Gatineau is the city of license for several television and radio stations, although many more stations licensed to Ottawa are also available in the area. Both cities are generally considered to constitute a single media market, and all of the region's broadcast stations transmit from the Ryan Tower site at Camp Fortune just north of Gatineau. All of the stations licensed directly to Gatineau broadcast in French.
Gatineau is also served primarily by daily newspapers published in Ottawa, including the French Le Droit and the English Ottawa Citizen, although a number of weekly community newspapers are published in Gatineau.

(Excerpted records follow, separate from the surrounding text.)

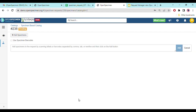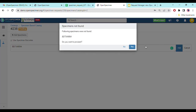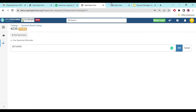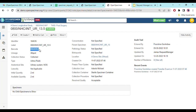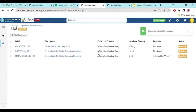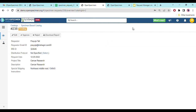To add a specimen using a barcode, click 'Add Specimens' and make sure the 'Use Specimen Barcodes' option is checked. I'll enable it and put in the barcode. If a sample is not found it means it's not available in the study. Once I find the correct barcode and paste it, you can see the specimen is added to the request along with its description. All columns shown are configurable using query modules.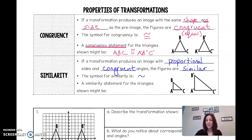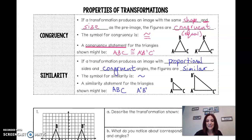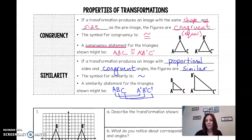So a similarity statement — we say these two triangles are similar, and you still have to match them up. A has to go with A prime, B matches up to B prime, and C matches up to C prime. This is important because the order tells us what corresponds to each other. In between them, you use the similarity sign.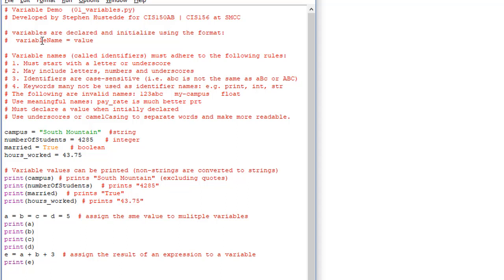Variable names must adhere to a few rules. One rule is it must start with a letter or an underscore — you cannot start a variable with a number. But it may include numbers, letters, or underscores. No other special characters: no hyphens, no dollar signs, no spaces. Only letters, numbers, and underscores.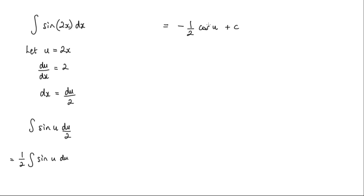Now the last thing to do is to substitute back in for u. And u is 2x. So the final answer is a negative half cos 2x plus c.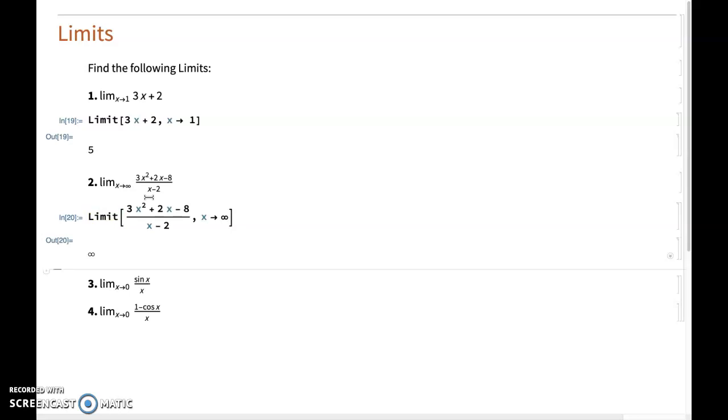One of the easiest ways of doing this instead of using Mathematica would be to use L'Hôpital's rule. This is one easy way of doing it.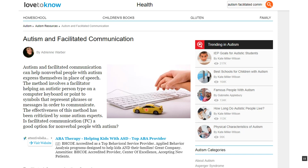One example of pseudoscience is facilitated communication. This is when severely autistic children who cannot communicate are supposedly able to communicate via a communicator who moves the child's hand over a keyboard, helping them type out letters. By doing this, proponents claim to discover that autistic kids who cannot communicate are actually very intelligent — they're just unable to express it.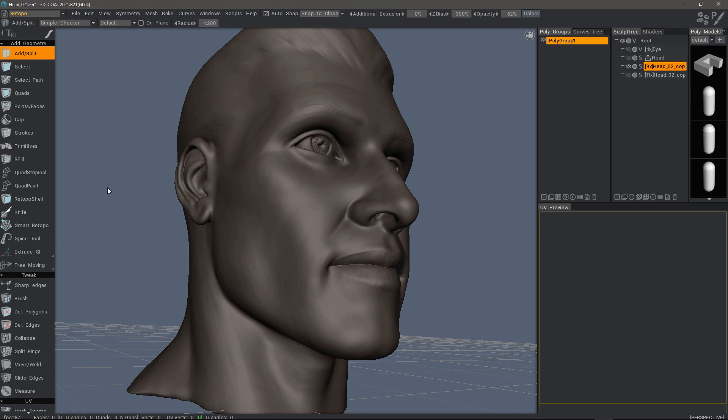And that's a quick look at tool grouping in 3D Coat 2021. Thank you for watching and we'll see you in the next video.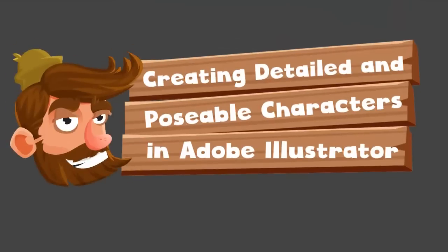Hi, I'm Raf and welcome to Creating Detailed and Poseable Characters in Adobe Illustrator.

According to the 2006 census the city of Gatineau had a population of 242,124. This was an increase of 6.8% compared to 2001. There were 104,607 private dwellings on a surface area of 342km² and a population density of 707 persons per km². Most of the citizens of the new city live in the urban cores of Aylmer, Hull and the former Gatineau. Buckingham and Masson-Angers are more rural communities.
The Quebec portion, the Gatineau Urban Area, has a population of 212,448 and an area of 136km². The Quebec regional portion of Gatineau Census Metropolitan Area (CMA) -- which includes the municipalities of Val-des-Monts (population 9,539), Cantley (7,928), La Pêche (7,477), Chelsea (6,703), Pontiac (5,238), L'Ange-Gardien (4,348), and Denholm (604) -- had a total population of 283,959.
The following statistics refer to the Quebec portion of the Ottawa – Gatineau CMA:
Aboriginal status: Indigenous peoples comprise 2.7% of the population.
Languages: Counting both single and multiple responses, French was a mother tongue for 80.0% of residents in 2006, English for 13.9%, Arabic for 1.7%, Spanish for 1.1%, and Portuguese for 1.0%. (Figures below are for single responses only.)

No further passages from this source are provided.